Profiling and Performance

This guide documents the Rust-core profiling workflow around the committed scalar CPU baseline. It is intentionally narrow: the goal is to describe the measured baseline, the JSON artifact contract, and the criteria for deciding when SIMD or accelerator work deserves a follow-on track.

Baseline scaffold

The current benchmark scaffold lives in bindings/rust/benches/:

scalar_cpu_baseline.rs runs the deterministic EVPI workload
scalar_cpu_baseline.json records the workload, expected value, and regression policy
README.md explains the local entrypoint and the current comparison rule

The baseline is intentionally scalar and deterministic:

workload: a fixed two-strategy EVPI matrix
expected result: 3.0
metric type: scalar_cpu
comparison rule: exact workload/value match
regression policy: ci-contract-only

Recommended local check:

cargo test --benches scalar_cpu_baseline -- --nocapture

Workflow

Use the baseline in three steps:

Run the scalar benchmark and confirm the EVPI result matches the committed artifact.
Record timing, memory, or throughput measurements in the same artifact family using the same workload identity.
Compare the new artifact against the committed baseline before promoting a new optimization claim.
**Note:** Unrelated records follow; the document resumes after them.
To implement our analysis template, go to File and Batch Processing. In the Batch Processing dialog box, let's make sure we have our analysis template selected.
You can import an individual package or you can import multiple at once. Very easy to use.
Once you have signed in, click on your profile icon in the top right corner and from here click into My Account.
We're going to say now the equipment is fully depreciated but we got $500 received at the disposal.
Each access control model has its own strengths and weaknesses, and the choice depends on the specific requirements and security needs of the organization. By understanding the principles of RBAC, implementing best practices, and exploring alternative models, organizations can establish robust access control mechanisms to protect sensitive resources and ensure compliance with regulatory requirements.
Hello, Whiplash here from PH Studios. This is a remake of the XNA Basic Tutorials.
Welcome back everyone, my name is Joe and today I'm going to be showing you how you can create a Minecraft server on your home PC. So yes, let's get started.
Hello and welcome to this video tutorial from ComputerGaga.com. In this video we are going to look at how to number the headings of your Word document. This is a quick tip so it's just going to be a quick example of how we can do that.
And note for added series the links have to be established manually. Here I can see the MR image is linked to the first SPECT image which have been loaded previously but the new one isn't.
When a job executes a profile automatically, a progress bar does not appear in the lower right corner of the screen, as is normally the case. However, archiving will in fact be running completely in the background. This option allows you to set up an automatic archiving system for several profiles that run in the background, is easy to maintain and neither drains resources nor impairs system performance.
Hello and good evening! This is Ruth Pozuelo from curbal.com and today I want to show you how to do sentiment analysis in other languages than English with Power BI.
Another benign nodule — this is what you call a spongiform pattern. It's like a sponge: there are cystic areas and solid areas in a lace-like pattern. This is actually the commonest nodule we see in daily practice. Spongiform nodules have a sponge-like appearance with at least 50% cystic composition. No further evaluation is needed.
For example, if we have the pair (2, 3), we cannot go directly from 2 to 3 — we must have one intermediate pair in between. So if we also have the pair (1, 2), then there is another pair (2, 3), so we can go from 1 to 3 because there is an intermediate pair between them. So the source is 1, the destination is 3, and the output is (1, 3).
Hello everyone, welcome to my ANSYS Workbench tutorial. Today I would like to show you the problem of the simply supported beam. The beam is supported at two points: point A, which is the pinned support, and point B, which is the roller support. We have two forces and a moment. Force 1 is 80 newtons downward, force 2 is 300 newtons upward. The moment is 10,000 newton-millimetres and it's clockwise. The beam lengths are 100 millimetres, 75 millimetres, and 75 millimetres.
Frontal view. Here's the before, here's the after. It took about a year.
The key rule is that the workload seed and EVPI value remain stable unless the track explicitly re-baselines them.

Artifact format

The committed artifact is JSON and should stay small enough to review in code review or CI logs.

Example:

{
  "benchmark_name": "scalar_cpu_baseline",
  "metric_type": "scalar_cpu",
  "workload": {
    "seed": 42,
    "repeats": 10000,
    "net_benefits": [[10.0, 1.0], [2.0, 8.0]]
  },
  "expected": {
    "evpi": 3.0,
    "comparison_rule": "exact",
    "regression_policy": "ci-contract-only"
  },
  "metadata": {
    "phase": "phase-1-scalar-cpu-baseline",
    "notes": [
      "Deterministic baseline for the Rust core performance track.",
      "Timing comparisons are deferred until a stable baseline artifact exists."
    ]
  }
}

How to read the outputs

The current artifact family is correctness-first. Timing is observed, but the committed contract only enforces the scalar workload and value.

metric_type identifies the measurement family.
expected.evpi is the correctness anchor.
expected.comparison_rule states how strict the comparison is.
expected.regression_policy says whether CI only records the artifact or enforces a threshold.
metadata.phase records which profiling phase produced the artifact.

When memory and throughput artifacts arrive, they should keep the same JSON family and add measured fields for the new metric rather than replacing the scalar contract. The scalar workload and expected EVPI remain the baseline reference unless the track explicitly re-baselines them.

Promotion criteria for SIMD or accelerators

SIMD, Rayon, and accelerator work should be promoted only when the scalar baseline and artifact layer already exist.

Open a follow-on track when all of the following are true:

the scalar baseline is stable and reproducible
the hot path shows a measurable gain from vectorization or parallelism
the proposed change preserves the same result semantics and tolerance policy
the memory/throughput artifacts show a repeatable improvement, not a one-off
the optimization can be described as an internal execution change rather than a new public contract

Practical order:

Scalar CPU baseline
Memory and throughput measurement
Rayon or equivalent multithreading feasibility
SIMD feasibility
GPU or other accelerator feasibility only if the earlier data justify it

If a candidate optimization needs a different workload, a different result shape, or a different correctness policy, it belongs in a follow-on track rather than in the baseline profiling contract.